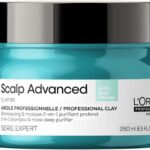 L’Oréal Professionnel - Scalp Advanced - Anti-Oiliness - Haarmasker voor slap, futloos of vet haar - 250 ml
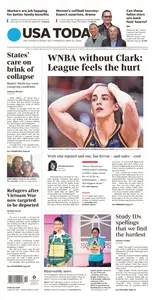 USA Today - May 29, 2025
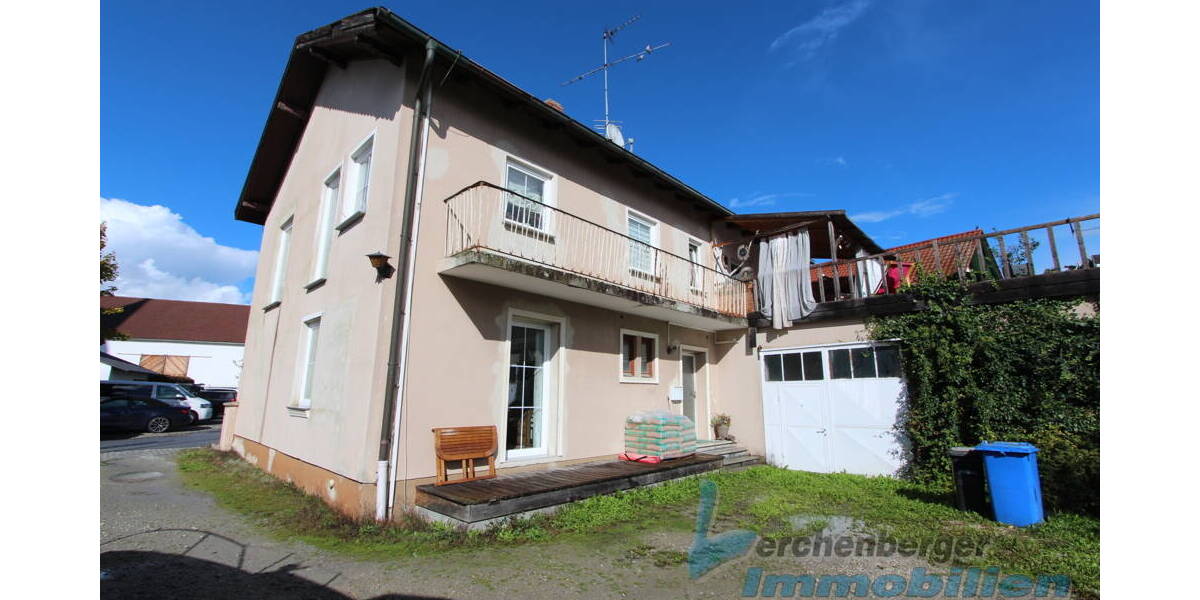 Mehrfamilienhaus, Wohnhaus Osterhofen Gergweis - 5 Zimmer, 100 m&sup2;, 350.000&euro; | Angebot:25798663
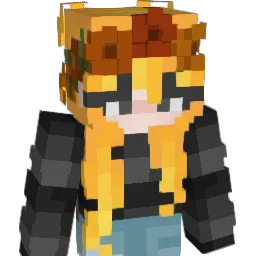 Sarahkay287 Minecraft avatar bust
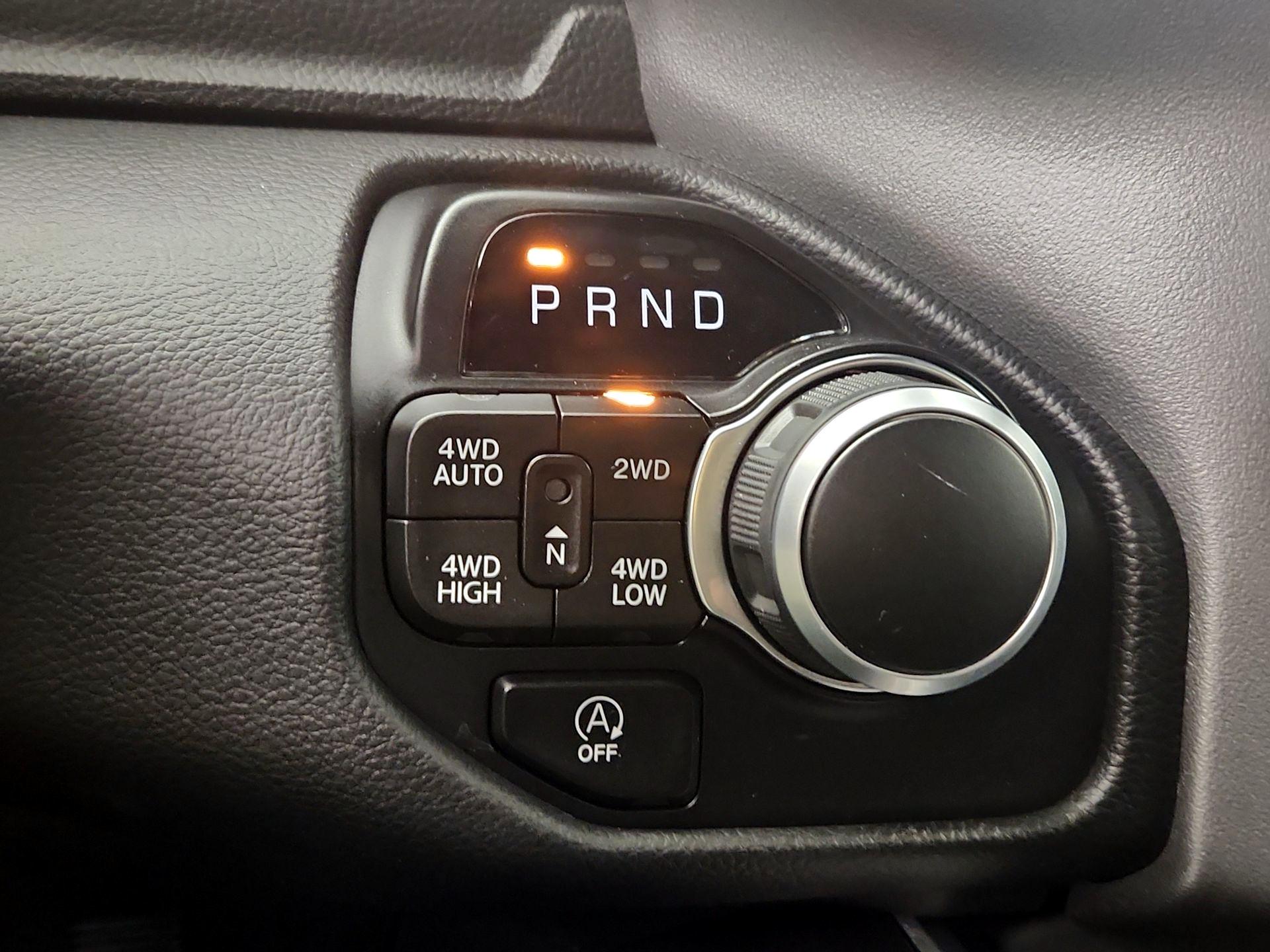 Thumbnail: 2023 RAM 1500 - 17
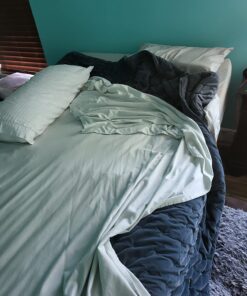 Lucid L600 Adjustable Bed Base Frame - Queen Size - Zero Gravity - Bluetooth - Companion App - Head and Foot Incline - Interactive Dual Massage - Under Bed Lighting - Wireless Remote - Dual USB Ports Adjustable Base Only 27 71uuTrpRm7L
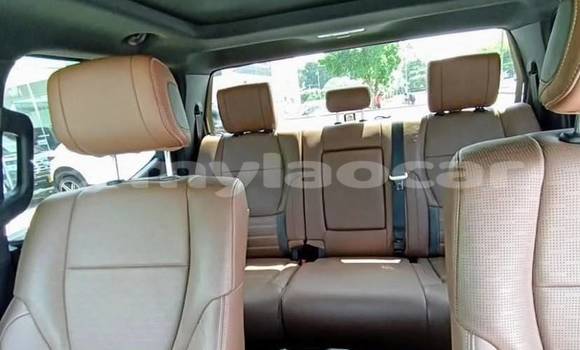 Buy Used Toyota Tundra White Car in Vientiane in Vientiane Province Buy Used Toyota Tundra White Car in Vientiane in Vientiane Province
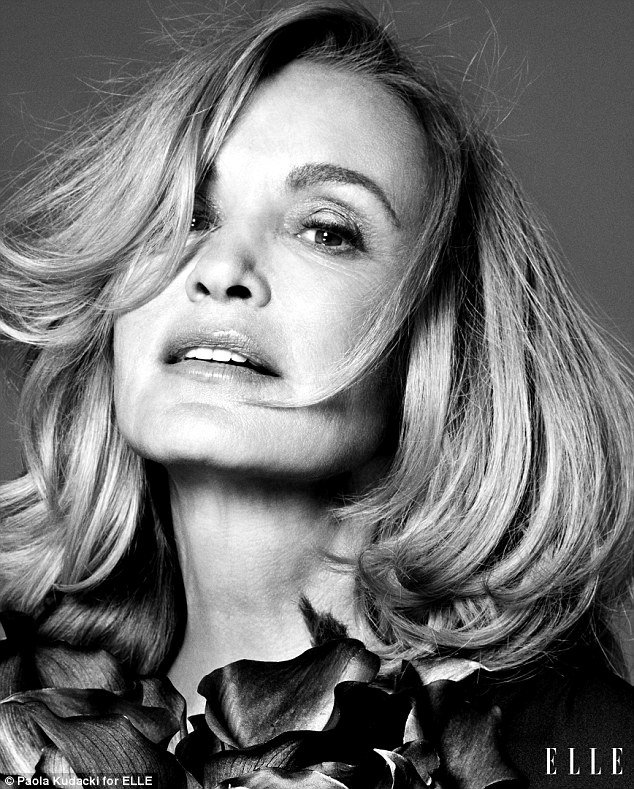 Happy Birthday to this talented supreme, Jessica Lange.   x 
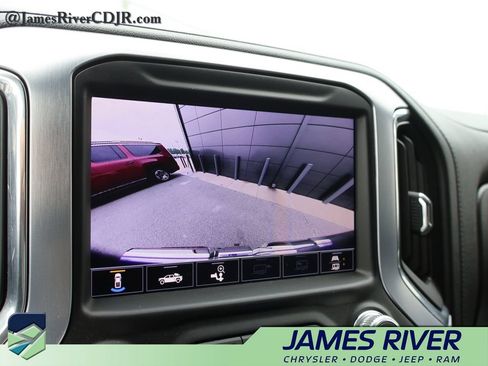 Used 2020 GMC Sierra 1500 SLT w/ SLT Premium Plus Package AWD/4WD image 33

### GOAL OF THE EXERCISE
Please return only the lines from the one holding "Sarahkay287 Minecraft avatar bust" through the end of the data, both ends included; do not copy any pictures.

### EXERCISE RESPONSE
 Sarahkay287 Minecraft avatar bust
 Thumbnail: 2023 RAM 1500 - 17
 Lucid L600 Adjustable Bed Base Frame - Queen Size - Zero Gravity - Bluetooth - Companion App - Head and Foot Incline - Interactive Dual Massage - Under Bed Lighting - Wireless Remote - Dual USB Ports Adjustable Base Only 27 71uuTrpRm7L
 Buy Used Toyota Tundra White Car in Vientiane in Vientiane Province Buy Used Toyota Tundra White Car in Vientiane in Vientiane Province
 Happy Birthday to this talented supreme, Jessica Lange.   x 
 Used 2020 GMC Sierra 1500 SLT w/ SLT Premium Plus Package AWD/4WD image 33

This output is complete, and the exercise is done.